Yes. Really. And to spare Microsoft further embarrassment, I won’t get into the “personas” they created to show how Windows Phone was going to make everyone’s life better.

An object lesson in how you should not design your product to a tightly imagined demographic. It’s a fascinating article, full of reminders of things Windows Phone used to do but has now largely given up on. I still wonder what Microsoft gets out of Windows Phone, the platform, since it’s effectively the only company making handsets for it.


Privacy error “Your connection is not private” Google chrome » YouTube

Unintentionally (on the part of the video maker) hilarious, but also depressing: he’s being told by Google Chrome that OKCupid’s SSL certificate isn’t entirely valid, and it blocks him from going there.

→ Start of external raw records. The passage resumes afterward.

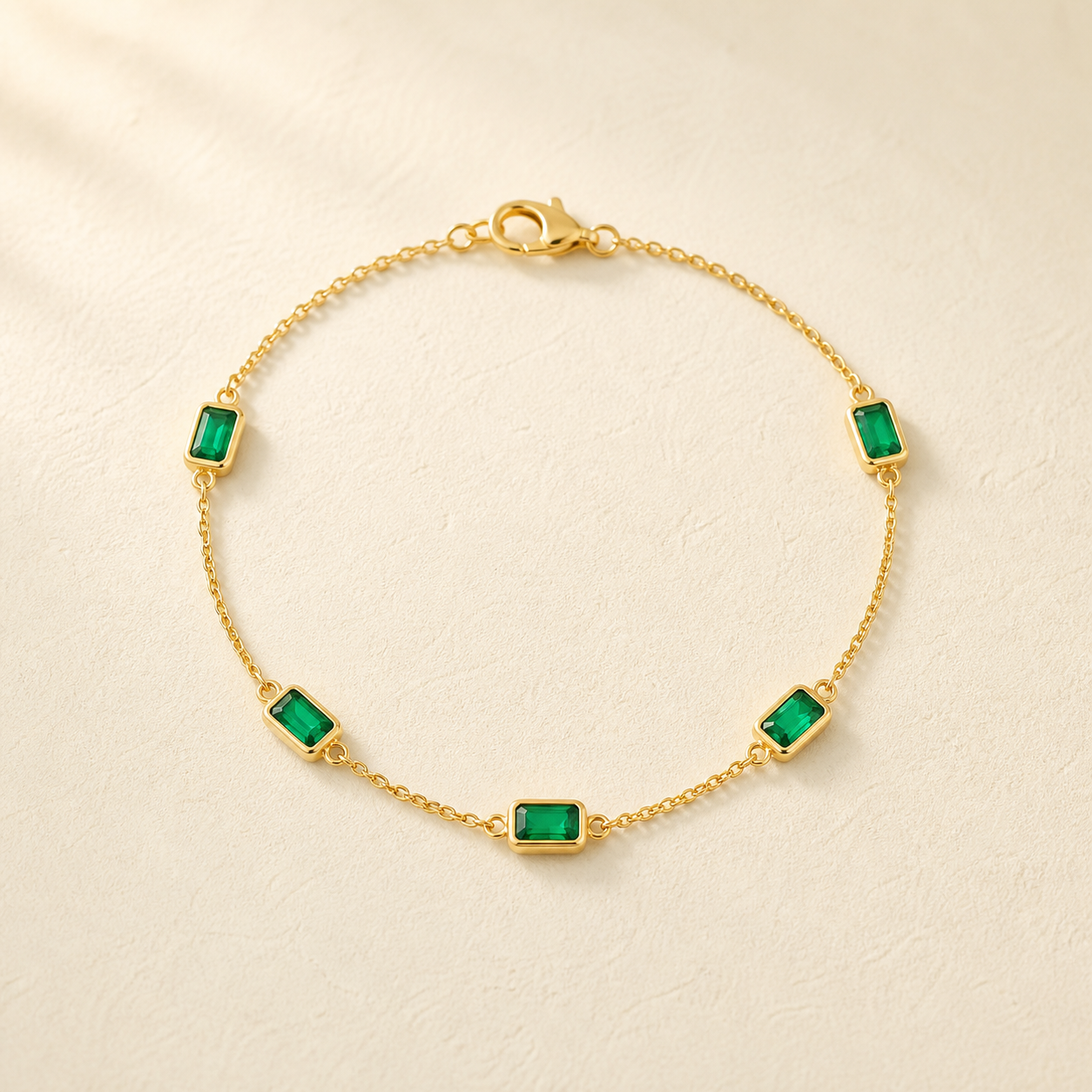 Elan Emerald Line Bracelet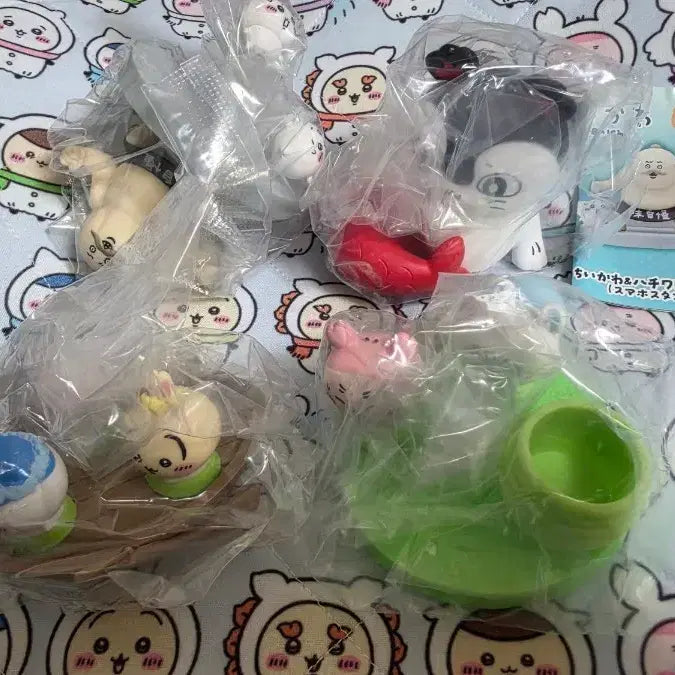 [BUNJANG] Chiikawa Mermaid Island Desktop Figure Gacha Set (4 Types ...
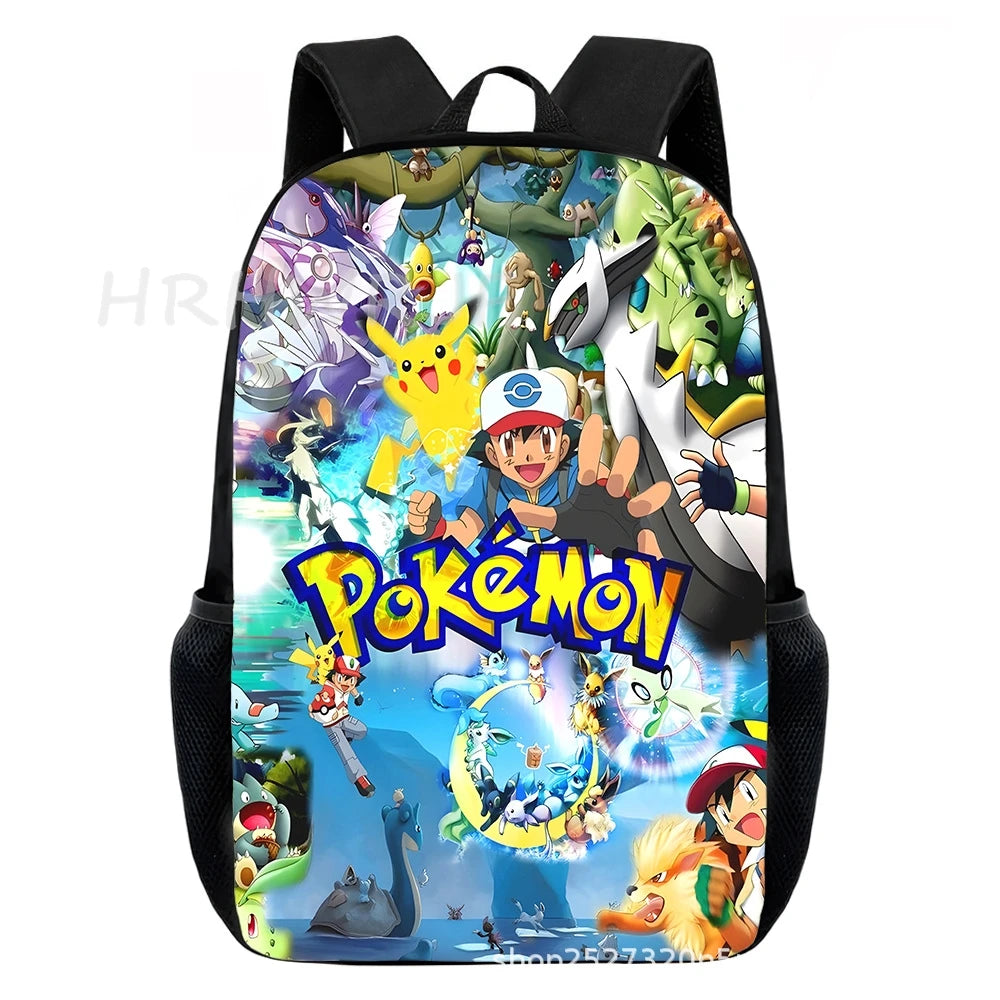 Cartoon Pikachu Backpacks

So what does he do? He sees the problem as “my browser is mispelling it ‘https’ instead of ‘http'”, and why won’t it let him to go the site when Firefox will?

Point to bear in mind: it’s not the user who’s stupid here, it’s the people writing the error messages and associated jargon. (Though you can also make a separate determination about the user based on his videos.)


MIT uses patent from 1997 to sue Apple over chips » Gigaom

Jeff John Roberts:

The Massachusetts Institute of Technology filed a patent lawsuit against Apple and its suppliers this week, claiming that semiconductor wafers found in the company’s computers and mobile devices infringe on a patent obtained by two academics more than 15 years ago.

The lawsuit, filed Thursday in Boston federal court, claims that Idaho-based Micron Technology knew about a laser-cutting method described in the patent, but used it all the same when supplying DRAM semiconductor devices for products like iPhones, iPads and MacBook Airs.

The patent itself was issued to Joseph Bernstein, who is now an engineering professor in Israel, and a co-inventor, Zhihui Duan. MIT claims it controls the right to the patent, which has a 1997 filing date and was issued in 2000. The school says it’s entitled to damages and to royalties on all Apple products that contain chips using the laser method in question.

Seems that this is a lawsuit for Micron, not Apple, though MIT claims Apple commits contributory infringement by importing and selling equipment containing specific Micron products.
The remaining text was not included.